Repères sur Jean-Etienne Dubois
■ Né en octobre 1969 (53 ans)
■ 1.512 victoires en France comme entraîneur (de 1989 à 2018) dont :
▪️ 1 Prix d’Amérique (1996 avec Coktail Jet)
▪️ 1 Prix de France (1996 avec Coktail Jet)
▪️ 1 Prix de Paris (1997 avec Défi d’Aunou)
▪️ 3 Prix René Ballière (1995 avec Coktail Jet, 1996 avec Défi d’Aunou, 2011 avec Quaker Jet)
▪️ 5 Critérium des Jeunes, etc.
■ 1.222 victoires en France comme driver
■ Un palmarès européen de premier plan avec l’Elitloppet (1996 avec Coktail Jet), le Hugo Åbergs Memorial (2001 avec Giesolo de Lou), le Kymi Grand Prix (1999 avec Défi d’Aunou), la Copenhagen Cup (1999 avec Giesolo de Lou), etc.
■ Eleveur de deux vainqueurs du Prix d’Amérique : Coktail Jet et Bold Eagle

Vues d’Europe, les courses australiennes ont l’air d’attirer un public jeune. Vous confirmez ?
J.E.D.-. Complètement. Et à la base de tout cela, il y a sans doute un principe général. Les Australiens cherchent des montages les plus simples possibles et économiquement viables pour les propriétaires et entraîneurs. On y trouve beaucoup de syndicats de propriétaires. Là-bas, c’est un cheval pour dix ou vingt propriétaires et non un propriétaire avec dix chevaux. En Australie, la simplicité est une clé de voute. Pour avoir ses agréments d’associé dans un syndicat, tout est simplifié. Tout est fait pour inciter les gens à entrer dans le business des courses. J’ai un peu le sentiment que c’est le contraire de la France avec cette chape administrative et rébarbative qui freine les vocations. Le système australien fonctionne bien et propose des courses bien dotées. Le samedi est la grande journée de courses hebdomadaire et on y trouve une incroyable jeunesse. C’est vrai partout, de Sydney à Melbourne, la majorité du public est composée de gens de 20 à 30 ans.

"En Australie, la simplicité prime partout. Tout est fait pour inciter les gens à entrer dans le business des courses."

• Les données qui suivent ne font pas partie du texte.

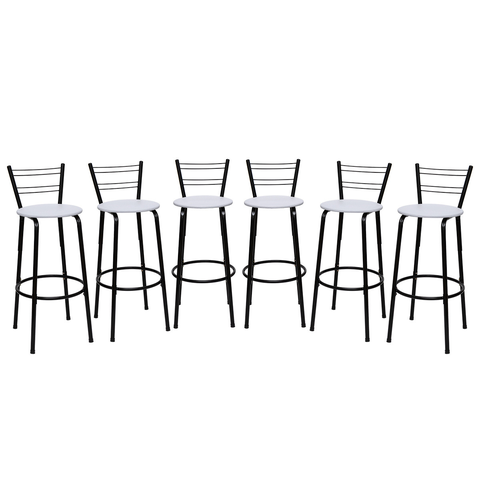 Kit 6 Banquetas para Balcão Bancada Cozinha Bistrô Ilhas Gourmet Bares Banco Flórida Preta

Que diriez-vous du système français ?
J.E.D.-. Je pense qu’il pourrait être simplifié. Cela permettrait peut-être d’avoir plus de partants dans les courses. Simplifier ne veut pas dire réduire le nombre d’hippodromes. La force de la France est d’avoir plus de 200 hippodromes et d’offrir une grande diversité. Cela permet de drainer beaucoup de personnes aux courses. D’ailleurs en Australie, il y a aussi beaucoup d’hippodromes locaux dans un esprit de "courses de pays". On y va comme à la kermesse au village et les gens adorent cela.

Suivez-vous encore le trot français ?
J.E.D.-. Pas de très près. J’ai évidemment regardé les exploits de la production de Ready Cash qui a été un étalon incroyable. Je regarde surtout les grandes courses. Je trouve d’ailleurs sur ce sujet que les organisateurs du Trot ont fait un truc top en regroupant les beaux Groupes 1 sur deux ou trois grandes journées. C’est une très bonne idée. Ce sont des réunions que je regarde. Le même jour, vous voyez les meilleurs chevaux du pays et, du coup, vous êtes informé sur les acteurs du haut niveau.

Nous sommes à la vente des Rouges Terres, imaginée par votre neveu Louis Baudron. Votre impression ?
J.E.D.-. Je trouve cette initiative super. Il a fallu du courage pour la lancer. La première édition de la vente de yearlings a été réussie. La vente des Rouges Terres est plus terne. De toute façon, pour le commerce, il faut que les courses marchent et qu’elles créent de la clientèle. C’est un ensemble de choses qui conditionnent le succès.

Comment votre décision de quitter le trot et la France a été reçue dans votre famille ? Cela a pu être un choc pour certain(e)s ?
J.E.D.-. Cela a été une envie assez soudaine, essentiellement pour toutes les raisons que j’ai évoquées. Je suis parti à 45 ans et je pense qu’il y a un âge pour changer de vie et partir. Après, si vous attendez, vous ne partez plus. On est une famille d’aventuriers et de nomades et il n’y a vraiment pas eu de souci pour faire comprendre ma décision.

Bold Eagle, une fierté et un regret
Jean-Etienne Dubois : "J’aurais aimé que Bold Eagle soit un très grand étalon mais il est, pour l’instant, un étalon respectable. J’aurais aimé qu’il soit un "Coktail" bis, cela ne s’est pas fait. Bold Eagle a été le dernier grand cheval que j’ai élevé et j’en suis très fier."